An unobstructed view no matter your head positioning is of paramount importance.

Top pick: 100% Speedcraft Long Lens; $175, Ride100percent.com

It’s tough to find a product that appeals equally to triathletes and enduro mountain bikers, but the Speedcraft fits the bill because of its extended lens coverage and moto styling. 100% is a brand best known for outfitting downhillers with goggles, but the Speedcraft packs plenty of performance features triathletes will appreciate, such as the extended upper part of the lens that increases visibility when your head is tilted down. Extra space between the water-repellent lens and your face increases airflow while the wrap-around design holds the frame in place. Each model comes with extra lenses and interchangeable nose pads.

Lens

Choosing a quality lens may be the most vital decision when it comes to selecting a pair of multisport lenses. Consider things like airflow, contrast and crispness of vision.

Top pick: Oakley Radar EV Path Prizm Road; $190, Oakley.com

If you’ve shied away from plunking down the cash for Oakleys in the past, know that the lens quality of the Prizm collection makes them well worth the price. The color and tint of the Prizm lens is finely tuned to increase contrast in a way that makes you feel like you’ve been given superhuman eyesight. Vents on the lens help increase airflow to prevent fogging while the earsocks and nosepiece maintain their grip when you sweat. Like the 100% Speedcraft, the Radar EV has a taller lens to extend your upper field of view while riding in the aerobars.

Adjustability

If you want to maximize your spend, find a frame that can go from sporty to casual or from rainy to a bright summer day—it’s like having four pairs for the price of one.

Top picks: Tifosi Launch SFH; $150, Tifosioptics.com, Ryders Eyewear Strider Photochromic antiFOG; $130, Ryderseyewear.com

The Tifosi Launch SFH is a quiver of sunglasses in a single box.

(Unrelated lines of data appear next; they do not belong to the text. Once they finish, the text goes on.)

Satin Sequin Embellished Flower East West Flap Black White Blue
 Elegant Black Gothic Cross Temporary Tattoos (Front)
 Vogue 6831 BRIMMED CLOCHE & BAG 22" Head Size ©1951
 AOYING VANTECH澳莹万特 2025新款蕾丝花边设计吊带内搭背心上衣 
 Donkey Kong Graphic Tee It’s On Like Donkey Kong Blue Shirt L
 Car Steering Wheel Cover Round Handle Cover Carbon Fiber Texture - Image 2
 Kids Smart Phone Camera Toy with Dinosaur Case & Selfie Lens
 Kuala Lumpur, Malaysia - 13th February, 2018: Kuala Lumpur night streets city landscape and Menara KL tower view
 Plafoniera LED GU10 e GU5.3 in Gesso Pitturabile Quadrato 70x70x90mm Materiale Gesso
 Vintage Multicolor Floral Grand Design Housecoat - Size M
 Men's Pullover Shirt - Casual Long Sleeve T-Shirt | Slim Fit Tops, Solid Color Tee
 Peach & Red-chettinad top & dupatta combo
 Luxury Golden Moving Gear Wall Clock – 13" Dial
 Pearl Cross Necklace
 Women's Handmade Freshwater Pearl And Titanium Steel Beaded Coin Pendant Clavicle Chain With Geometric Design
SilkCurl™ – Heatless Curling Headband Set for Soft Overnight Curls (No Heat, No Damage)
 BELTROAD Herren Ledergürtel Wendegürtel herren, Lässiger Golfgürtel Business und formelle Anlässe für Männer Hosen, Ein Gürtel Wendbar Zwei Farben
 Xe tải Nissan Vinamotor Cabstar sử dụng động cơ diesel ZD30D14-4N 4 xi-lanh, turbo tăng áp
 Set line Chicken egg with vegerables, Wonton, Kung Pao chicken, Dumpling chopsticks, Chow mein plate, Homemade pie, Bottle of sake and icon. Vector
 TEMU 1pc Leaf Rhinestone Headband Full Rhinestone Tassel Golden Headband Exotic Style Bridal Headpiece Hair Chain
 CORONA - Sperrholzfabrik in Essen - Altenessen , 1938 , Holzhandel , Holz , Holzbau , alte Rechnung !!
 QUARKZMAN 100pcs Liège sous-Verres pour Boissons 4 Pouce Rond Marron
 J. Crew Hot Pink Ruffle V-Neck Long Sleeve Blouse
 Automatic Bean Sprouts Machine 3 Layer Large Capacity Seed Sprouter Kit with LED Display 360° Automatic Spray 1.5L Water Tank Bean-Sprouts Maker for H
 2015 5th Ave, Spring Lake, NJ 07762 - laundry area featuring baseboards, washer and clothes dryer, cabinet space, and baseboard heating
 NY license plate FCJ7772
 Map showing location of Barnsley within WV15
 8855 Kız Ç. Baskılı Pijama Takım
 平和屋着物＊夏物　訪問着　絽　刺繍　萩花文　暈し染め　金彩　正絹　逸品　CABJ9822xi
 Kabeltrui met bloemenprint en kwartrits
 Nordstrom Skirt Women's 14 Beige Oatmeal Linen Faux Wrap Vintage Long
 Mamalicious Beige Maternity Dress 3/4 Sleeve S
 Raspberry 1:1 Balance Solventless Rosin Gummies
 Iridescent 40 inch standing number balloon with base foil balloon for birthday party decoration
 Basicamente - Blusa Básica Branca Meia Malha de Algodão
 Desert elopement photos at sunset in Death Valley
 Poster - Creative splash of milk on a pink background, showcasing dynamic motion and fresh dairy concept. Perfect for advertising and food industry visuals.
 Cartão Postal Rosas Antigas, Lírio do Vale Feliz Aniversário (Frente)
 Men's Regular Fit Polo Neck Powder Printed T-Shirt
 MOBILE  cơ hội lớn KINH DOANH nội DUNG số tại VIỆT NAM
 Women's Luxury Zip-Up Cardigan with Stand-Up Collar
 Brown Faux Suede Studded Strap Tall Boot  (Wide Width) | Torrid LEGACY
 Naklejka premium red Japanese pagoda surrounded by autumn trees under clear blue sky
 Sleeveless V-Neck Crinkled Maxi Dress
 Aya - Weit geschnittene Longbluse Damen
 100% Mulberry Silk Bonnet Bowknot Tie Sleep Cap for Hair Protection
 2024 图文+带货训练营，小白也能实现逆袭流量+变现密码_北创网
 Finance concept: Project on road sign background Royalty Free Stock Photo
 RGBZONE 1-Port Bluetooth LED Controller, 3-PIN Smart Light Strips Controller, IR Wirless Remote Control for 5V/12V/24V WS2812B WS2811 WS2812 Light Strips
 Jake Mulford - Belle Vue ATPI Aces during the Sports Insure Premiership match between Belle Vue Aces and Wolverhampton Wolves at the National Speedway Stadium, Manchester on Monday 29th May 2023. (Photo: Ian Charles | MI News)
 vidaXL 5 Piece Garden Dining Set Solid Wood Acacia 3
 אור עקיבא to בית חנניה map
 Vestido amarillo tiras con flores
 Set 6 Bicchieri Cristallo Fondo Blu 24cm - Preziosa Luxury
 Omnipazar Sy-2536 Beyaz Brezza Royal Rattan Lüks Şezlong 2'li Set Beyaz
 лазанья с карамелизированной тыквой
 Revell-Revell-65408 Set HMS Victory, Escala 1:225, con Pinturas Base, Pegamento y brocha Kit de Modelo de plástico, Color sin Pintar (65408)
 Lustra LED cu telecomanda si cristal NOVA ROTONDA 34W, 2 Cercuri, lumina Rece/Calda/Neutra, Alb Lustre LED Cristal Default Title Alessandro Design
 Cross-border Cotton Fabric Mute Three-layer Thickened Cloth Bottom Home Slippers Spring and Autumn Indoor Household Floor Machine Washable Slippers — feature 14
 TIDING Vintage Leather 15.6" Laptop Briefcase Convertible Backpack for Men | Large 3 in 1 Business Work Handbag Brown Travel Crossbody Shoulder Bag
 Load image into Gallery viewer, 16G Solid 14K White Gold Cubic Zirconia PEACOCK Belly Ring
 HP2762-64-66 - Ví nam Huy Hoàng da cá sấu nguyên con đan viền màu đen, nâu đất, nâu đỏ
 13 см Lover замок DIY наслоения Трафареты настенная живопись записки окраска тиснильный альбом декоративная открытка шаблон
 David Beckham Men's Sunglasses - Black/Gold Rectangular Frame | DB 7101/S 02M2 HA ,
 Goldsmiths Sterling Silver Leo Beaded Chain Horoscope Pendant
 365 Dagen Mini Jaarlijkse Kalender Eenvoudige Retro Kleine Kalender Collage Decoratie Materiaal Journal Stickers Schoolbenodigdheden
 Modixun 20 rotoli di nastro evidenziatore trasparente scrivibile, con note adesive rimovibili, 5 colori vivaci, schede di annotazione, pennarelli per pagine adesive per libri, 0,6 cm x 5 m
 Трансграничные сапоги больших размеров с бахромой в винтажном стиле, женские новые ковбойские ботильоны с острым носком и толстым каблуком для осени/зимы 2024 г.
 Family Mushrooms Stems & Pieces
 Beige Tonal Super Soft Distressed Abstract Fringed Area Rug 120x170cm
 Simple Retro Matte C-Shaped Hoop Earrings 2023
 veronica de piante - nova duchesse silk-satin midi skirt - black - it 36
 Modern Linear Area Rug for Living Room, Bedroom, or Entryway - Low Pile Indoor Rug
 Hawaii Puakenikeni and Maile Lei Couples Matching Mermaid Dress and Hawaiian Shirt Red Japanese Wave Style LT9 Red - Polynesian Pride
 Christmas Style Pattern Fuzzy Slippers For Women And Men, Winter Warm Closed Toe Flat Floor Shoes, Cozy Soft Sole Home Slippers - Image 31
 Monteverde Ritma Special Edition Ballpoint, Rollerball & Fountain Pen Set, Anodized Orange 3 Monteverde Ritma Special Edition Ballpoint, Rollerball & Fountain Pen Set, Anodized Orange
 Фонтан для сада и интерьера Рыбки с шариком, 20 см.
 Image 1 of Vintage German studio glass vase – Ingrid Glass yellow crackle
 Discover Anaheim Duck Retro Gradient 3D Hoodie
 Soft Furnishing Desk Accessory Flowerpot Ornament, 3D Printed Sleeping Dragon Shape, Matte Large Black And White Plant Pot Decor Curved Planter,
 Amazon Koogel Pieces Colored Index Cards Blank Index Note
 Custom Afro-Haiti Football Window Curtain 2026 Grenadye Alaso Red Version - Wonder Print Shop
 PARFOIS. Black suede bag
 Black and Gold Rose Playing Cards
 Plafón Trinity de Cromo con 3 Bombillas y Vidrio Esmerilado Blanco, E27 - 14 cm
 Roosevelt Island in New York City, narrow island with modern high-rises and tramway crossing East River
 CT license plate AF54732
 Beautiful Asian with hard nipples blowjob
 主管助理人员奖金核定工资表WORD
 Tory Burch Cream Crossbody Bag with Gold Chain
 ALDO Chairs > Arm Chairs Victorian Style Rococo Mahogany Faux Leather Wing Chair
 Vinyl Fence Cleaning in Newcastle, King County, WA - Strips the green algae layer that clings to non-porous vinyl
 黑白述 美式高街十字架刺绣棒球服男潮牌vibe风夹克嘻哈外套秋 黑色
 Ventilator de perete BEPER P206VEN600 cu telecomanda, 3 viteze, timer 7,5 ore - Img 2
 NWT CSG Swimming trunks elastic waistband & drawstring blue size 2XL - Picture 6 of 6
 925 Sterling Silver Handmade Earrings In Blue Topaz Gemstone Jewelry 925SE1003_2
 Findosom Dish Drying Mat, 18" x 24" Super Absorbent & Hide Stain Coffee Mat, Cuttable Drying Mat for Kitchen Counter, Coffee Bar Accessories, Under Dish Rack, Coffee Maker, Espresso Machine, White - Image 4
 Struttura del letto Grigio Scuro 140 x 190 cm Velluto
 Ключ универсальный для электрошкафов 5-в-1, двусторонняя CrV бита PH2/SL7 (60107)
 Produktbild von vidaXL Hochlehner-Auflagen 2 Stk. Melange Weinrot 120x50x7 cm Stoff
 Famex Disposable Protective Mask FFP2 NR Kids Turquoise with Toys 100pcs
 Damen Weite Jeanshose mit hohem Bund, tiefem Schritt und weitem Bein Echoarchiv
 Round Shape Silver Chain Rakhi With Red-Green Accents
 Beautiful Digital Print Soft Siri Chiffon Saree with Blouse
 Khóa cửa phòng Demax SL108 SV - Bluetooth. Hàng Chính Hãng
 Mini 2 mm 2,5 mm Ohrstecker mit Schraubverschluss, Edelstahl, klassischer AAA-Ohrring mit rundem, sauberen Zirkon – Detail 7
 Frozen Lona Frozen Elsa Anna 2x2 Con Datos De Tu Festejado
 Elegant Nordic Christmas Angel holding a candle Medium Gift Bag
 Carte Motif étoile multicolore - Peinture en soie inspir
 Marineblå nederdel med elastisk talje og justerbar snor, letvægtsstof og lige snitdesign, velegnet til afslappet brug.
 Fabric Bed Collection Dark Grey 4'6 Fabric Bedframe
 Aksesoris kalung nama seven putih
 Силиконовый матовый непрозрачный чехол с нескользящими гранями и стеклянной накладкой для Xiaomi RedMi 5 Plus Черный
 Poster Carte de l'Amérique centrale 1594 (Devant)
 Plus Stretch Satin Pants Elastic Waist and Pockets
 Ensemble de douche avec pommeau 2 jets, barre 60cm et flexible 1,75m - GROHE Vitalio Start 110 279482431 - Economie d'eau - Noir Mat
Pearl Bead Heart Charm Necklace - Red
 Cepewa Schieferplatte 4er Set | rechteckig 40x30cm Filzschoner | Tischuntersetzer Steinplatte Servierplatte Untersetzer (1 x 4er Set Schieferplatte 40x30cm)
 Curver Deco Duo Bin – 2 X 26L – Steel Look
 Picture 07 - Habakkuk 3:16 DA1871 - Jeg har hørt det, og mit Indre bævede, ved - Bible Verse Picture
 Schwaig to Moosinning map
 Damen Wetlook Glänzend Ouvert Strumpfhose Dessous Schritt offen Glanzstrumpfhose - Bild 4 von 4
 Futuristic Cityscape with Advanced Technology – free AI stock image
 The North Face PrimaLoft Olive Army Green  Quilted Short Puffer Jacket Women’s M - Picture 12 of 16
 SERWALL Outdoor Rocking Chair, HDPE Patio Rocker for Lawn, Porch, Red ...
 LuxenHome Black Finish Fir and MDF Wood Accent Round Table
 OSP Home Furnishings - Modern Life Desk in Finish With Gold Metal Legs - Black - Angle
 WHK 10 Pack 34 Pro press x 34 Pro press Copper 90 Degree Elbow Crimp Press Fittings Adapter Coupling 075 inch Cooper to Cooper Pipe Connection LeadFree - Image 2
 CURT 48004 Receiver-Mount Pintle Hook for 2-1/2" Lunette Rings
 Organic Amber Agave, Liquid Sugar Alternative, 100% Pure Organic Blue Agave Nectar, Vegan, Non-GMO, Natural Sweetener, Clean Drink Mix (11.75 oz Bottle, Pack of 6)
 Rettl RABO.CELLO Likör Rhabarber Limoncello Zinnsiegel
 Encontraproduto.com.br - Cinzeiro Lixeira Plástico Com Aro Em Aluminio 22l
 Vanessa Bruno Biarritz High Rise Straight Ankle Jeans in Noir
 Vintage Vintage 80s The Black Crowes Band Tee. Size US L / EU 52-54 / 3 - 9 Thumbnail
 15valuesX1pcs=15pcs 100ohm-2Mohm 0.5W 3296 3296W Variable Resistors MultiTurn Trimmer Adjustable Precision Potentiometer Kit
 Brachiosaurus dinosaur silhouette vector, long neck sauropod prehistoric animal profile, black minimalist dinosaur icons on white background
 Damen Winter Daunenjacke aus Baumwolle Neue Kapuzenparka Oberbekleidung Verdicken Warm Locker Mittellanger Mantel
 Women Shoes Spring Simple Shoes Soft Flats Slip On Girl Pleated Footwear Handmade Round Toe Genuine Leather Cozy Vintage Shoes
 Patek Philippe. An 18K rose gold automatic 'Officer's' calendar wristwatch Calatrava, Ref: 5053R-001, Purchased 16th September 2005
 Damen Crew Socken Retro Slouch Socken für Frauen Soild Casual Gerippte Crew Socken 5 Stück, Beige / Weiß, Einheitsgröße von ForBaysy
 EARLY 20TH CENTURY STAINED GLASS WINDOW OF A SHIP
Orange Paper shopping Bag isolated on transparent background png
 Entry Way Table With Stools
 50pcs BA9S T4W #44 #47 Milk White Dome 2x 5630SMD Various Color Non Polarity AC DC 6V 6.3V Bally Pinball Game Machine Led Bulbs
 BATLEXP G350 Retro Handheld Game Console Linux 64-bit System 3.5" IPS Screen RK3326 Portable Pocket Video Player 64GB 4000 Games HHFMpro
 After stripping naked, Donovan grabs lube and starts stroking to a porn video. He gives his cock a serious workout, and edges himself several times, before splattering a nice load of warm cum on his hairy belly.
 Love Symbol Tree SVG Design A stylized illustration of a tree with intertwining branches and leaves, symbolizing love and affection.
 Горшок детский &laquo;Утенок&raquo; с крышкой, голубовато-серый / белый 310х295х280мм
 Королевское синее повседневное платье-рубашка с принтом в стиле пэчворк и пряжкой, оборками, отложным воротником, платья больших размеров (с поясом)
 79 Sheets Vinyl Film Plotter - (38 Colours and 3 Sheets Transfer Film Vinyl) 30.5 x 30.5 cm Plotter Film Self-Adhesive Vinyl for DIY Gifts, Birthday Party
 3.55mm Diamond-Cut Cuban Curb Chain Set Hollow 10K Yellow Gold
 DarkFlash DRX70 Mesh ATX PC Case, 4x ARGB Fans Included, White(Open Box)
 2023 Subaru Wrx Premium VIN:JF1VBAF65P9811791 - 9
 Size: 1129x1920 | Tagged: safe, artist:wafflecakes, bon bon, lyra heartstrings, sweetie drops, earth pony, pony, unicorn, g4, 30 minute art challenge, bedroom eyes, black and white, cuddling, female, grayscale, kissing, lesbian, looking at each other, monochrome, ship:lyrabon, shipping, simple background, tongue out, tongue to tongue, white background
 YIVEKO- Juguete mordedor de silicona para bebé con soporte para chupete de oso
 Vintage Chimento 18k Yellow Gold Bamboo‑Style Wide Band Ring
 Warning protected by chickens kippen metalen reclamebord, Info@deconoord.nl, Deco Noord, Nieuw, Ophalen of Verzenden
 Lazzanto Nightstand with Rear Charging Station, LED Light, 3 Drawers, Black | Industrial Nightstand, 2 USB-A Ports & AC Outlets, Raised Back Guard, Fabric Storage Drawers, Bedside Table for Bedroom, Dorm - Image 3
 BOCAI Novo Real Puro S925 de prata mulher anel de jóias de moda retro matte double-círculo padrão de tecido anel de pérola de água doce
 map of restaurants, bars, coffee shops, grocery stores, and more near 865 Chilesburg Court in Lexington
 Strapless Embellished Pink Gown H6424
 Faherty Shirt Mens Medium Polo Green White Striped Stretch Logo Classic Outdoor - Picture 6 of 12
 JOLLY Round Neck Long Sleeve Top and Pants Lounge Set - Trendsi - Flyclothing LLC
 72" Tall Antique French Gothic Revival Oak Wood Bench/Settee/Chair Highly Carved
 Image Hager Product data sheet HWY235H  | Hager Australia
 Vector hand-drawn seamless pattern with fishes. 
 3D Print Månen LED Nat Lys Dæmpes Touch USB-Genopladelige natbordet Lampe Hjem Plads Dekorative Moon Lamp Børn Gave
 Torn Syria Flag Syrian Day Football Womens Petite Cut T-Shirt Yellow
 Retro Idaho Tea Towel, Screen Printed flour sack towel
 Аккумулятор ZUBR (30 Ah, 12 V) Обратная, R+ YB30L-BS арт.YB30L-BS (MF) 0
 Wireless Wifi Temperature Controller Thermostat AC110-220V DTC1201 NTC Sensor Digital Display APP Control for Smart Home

You can set them up with the one-piece lens and frameless arm pieces for your ride, then swap to the full-frame, dual-lens setup for casual settings. There’s also the half frame option, which is suitable for pretty much any circumstance. There are four different lens tints included so you’re covered in every possible light condition. Swapping frames and lenses is a snap. Considering how much you get with this package, it’s a tremendous value.

If brightly-colored fighter-jet style sunglasses don’t suit your style, the Ryders Eyewear Strider has a classic shape with styling that makes these shades extremely versatile. The photochromic lens lightens and darkens depending on the light conditions so you don’t have to mess with swapping lenses and a permanent anti-fog layer keeps your vision clear in cold or humid climates. Adjustable nose pads allow you to customize the fit and fine tune the amount of airflow behind the lens.

Durability

Your sunglasses need to withstand countless rides and getting tossed around in a bag traveling from race to race, which makes durability is a non-negotiable.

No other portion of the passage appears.